=== MATERIAL PROVIDED ===

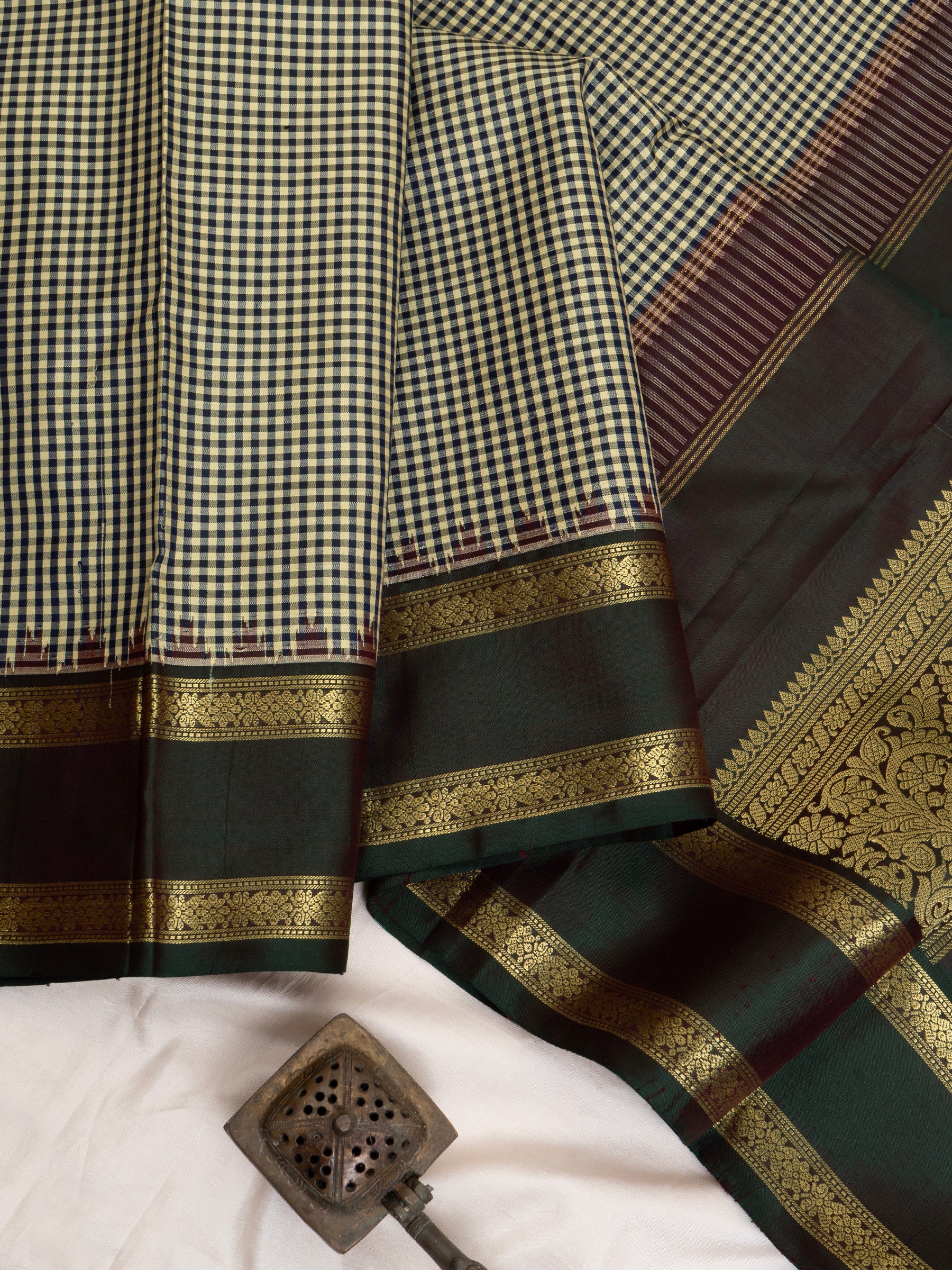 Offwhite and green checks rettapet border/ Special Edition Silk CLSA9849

===
=== MATERIAL PROVIDED ===

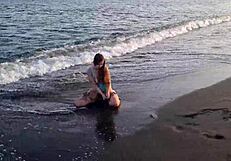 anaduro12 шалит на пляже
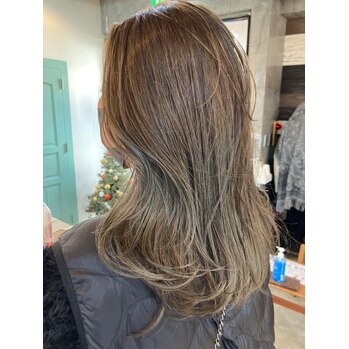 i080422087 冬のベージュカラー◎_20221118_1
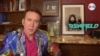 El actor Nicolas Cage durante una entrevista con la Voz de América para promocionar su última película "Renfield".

===

EXERCISE:
Output exactly those lines of the data above that run from the line with "anaduro12 шалит на пляже" up to and including the line with "El actor Nicolas". No pictures go in.

ANSWER TO THIS EXERCISE:
 anaduro12 шалит на пляже
 i080422087 冬のベージュカラー◎_20221118_1
 El actor Nicolas Cage durante una entrevista con la Voz de América para promocionar su última película "Renfield".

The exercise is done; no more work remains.